My earliest memories of Allen are of him coming to stay in our apartment, after he was out of a series of VA hospitals. There was a big chair in the living room and Allen would sit in it all day, the drapes drawn. I would come home from 2nd grade and sometimes sit near him, using my finger to trace the scars on his stumps, which looked like red threads.
Allen was my mother's youngest brother, born when she was 11; she felt like a mother to him, and more so when their own mother died, at 43, when Allen was 11.
My mother's father was a charming if devious man. We never knew what he did for a living. We knew he lived in Port Jefferson, Long Island. We knew he had a new Corvette every year. We knew he was inordinately proud of his trim physique. At one point there was a rumor that he worked for the CIA, which even as a child I knew was malarky. My own father didn't respect my grandfather, and not only because he spent all of my parents' wedding gift money. There was an undercurrent of mistrust as well as grandiosity.
Allen moved in with my grandfather around 1970. I saw them on holidays, and my understanding was that the house was full of tension, that there was some sort of competition there I was too young to understand.
Allen made his way. He sailed. He became something of a champion disabled skier. I did not see him often. When I did, he often had this or that marvelous tale to relay.
My mother worried often about her brother. He became addicted to various pain killers. Once as a teenager I had period cramps at Thanksgiving. Allen gave me something for the pain, which may have been a Darvon. Whatever it was, I spent the holiday hallucinating in my bedroom as the family ate. My mom was not happy about that. Still, she supported Allen, she sent money, he always needed money, despite getting some hefty VA benefits.

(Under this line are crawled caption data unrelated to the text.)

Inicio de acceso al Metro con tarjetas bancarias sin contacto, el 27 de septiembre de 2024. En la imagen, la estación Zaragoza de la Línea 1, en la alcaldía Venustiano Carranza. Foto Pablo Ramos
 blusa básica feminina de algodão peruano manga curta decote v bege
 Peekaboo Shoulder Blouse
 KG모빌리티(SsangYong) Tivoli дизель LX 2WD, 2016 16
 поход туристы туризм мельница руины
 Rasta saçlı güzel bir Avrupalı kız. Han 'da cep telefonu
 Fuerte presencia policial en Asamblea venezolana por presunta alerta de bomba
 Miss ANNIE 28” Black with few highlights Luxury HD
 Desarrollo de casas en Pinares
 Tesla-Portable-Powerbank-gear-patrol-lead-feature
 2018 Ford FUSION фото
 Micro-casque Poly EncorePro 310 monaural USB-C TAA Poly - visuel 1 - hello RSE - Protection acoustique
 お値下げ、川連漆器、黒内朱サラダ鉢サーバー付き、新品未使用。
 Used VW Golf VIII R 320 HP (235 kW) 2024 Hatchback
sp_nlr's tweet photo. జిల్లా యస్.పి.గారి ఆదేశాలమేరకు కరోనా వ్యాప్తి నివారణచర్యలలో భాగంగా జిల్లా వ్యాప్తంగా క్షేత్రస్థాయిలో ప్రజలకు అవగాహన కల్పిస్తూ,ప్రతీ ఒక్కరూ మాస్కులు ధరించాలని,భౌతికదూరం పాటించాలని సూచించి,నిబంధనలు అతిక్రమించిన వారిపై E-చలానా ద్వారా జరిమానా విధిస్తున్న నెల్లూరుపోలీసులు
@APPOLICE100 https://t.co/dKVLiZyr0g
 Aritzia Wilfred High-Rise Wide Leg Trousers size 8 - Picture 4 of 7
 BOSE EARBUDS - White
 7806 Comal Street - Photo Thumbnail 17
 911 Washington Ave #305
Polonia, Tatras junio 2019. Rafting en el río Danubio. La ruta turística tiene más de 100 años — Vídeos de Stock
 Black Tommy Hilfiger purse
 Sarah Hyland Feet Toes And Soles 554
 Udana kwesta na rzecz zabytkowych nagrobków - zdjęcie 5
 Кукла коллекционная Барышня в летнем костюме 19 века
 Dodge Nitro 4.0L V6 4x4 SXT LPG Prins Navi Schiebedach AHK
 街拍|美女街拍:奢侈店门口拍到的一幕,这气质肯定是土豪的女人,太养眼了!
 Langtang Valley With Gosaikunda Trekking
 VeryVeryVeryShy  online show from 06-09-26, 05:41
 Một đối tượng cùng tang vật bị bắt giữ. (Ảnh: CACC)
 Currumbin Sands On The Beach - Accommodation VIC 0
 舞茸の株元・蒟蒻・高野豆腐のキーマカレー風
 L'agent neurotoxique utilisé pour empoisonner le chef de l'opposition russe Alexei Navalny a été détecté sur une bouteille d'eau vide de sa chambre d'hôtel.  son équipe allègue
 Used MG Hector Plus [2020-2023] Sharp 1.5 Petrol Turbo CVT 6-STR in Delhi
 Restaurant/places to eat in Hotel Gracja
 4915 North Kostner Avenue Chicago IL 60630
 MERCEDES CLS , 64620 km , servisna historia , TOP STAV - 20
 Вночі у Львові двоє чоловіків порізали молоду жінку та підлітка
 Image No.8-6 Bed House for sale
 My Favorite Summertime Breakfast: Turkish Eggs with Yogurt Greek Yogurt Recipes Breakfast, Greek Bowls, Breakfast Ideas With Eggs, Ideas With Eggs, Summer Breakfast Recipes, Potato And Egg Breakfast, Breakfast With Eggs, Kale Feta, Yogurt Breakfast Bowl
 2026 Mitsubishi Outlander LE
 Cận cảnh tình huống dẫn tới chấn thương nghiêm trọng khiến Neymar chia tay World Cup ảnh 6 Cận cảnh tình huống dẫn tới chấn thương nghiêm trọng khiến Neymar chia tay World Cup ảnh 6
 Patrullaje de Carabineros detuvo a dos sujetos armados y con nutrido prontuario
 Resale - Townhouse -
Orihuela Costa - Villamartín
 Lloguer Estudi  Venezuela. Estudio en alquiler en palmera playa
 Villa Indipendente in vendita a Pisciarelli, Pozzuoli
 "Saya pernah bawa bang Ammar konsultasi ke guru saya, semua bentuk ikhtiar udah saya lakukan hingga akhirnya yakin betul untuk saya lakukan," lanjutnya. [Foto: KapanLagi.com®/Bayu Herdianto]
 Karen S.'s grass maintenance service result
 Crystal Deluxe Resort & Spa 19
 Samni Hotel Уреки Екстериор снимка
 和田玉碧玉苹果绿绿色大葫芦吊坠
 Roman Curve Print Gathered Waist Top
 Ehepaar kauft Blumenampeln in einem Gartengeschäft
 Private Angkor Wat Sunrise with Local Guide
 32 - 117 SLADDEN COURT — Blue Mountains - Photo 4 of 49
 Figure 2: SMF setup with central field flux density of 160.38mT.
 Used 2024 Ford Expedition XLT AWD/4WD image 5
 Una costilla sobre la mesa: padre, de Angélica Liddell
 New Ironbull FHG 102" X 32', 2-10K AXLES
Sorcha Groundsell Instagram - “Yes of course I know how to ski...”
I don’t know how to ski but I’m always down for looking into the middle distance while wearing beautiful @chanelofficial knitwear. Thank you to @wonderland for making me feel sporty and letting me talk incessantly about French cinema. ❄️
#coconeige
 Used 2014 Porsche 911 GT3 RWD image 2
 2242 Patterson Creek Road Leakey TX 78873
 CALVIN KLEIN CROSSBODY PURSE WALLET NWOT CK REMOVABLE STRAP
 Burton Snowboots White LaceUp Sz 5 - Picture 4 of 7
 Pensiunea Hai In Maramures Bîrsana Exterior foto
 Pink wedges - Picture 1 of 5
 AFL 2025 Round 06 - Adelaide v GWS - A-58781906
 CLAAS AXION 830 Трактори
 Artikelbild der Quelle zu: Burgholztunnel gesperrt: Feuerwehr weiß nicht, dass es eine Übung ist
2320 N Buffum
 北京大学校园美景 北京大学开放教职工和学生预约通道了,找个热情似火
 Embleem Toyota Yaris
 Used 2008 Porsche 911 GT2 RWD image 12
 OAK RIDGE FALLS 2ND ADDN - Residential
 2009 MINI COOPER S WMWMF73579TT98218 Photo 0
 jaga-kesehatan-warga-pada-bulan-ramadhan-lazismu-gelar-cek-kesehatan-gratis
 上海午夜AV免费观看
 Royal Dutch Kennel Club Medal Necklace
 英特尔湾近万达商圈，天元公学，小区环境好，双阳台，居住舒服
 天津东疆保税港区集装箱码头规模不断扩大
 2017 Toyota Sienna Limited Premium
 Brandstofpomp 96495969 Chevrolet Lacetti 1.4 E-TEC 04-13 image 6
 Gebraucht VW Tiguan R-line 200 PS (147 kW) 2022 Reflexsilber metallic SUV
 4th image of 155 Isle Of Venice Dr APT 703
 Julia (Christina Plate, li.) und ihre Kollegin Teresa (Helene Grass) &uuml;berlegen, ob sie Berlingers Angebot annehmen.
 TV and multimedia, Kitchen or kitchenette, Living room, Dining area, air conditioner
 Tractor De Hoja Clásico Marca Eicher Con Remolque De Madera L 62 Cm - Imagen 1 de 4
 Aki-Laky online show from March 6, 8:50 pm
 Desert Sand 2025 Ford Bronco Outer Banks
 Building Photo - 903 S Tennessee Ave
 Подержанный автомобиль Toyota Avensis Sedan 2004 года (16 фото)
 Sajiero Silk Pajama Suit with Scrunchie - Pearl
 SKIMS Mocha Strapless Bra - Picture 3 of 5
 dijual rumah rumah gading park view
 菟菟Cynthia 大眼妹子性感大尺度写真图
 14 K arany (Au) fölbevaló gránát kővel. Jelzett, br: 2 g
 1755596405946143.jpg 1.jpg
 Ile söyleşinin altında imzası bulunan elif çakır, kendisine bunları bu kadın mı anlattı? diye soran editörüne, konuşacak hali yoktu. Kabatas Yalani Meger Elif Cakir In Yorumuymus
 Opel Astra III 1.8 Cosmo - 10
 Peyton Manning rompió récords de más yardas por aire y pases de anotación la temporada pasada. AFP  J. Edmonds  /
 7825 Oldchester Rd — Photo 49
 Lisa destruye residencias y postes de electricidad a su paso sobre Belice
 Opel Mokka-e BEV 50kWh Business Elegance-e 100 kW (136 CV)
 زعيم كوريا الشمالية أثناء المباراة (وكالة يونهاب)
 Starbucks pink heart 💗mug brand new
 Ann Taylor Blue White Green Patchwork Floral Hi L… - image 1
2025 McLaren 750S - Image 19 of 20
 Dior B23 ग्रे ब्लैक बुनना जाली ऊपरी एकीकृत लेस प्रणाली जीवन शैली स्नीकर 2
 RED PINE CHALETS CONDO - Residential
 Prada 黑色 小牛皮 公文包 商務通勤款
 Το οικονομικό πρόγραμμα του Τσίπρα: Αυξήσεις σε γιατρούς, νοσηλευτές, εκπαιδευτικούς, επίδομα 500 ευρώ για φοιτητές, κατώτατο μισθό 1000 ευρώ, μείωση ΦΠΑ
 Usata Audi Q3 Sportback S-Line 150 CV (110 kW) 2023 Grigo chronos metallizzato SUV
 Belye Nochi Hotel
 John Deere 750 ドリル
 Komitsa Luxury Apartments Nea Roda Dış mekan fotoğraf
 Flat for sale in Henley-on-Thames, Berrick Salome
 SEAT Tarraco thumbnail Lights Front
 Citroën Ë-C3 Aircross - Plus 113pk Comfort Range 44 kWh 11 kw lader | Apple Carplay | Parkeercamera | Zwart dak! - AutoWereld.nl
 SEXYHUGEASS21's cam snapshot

Allen married. He moved to Florida. We rarely saw each other but I heard stories from my mom, including her visiting him and meeting his friends, who told her she must be proud to have a doctor for a brother. When my mother asked Allen about this, he said, they must have meant a vet; that he did a lot of work with animals. She relayed other stories about Allen, the painful surgeries, his constant need for money. I told her it was not a good idea to keep sending money, that I was pretty sure Allen was a drug addict, but she couldn't not, she felt responsible for him.
Maybe 15 years ago, I got a phone call from Allen. This had never happened before. After a few pleasantries, he let me know he had an offer for me, if I got in on the ground floor, I could really make a killing. I don't recall what the scheme was, pet food maybe.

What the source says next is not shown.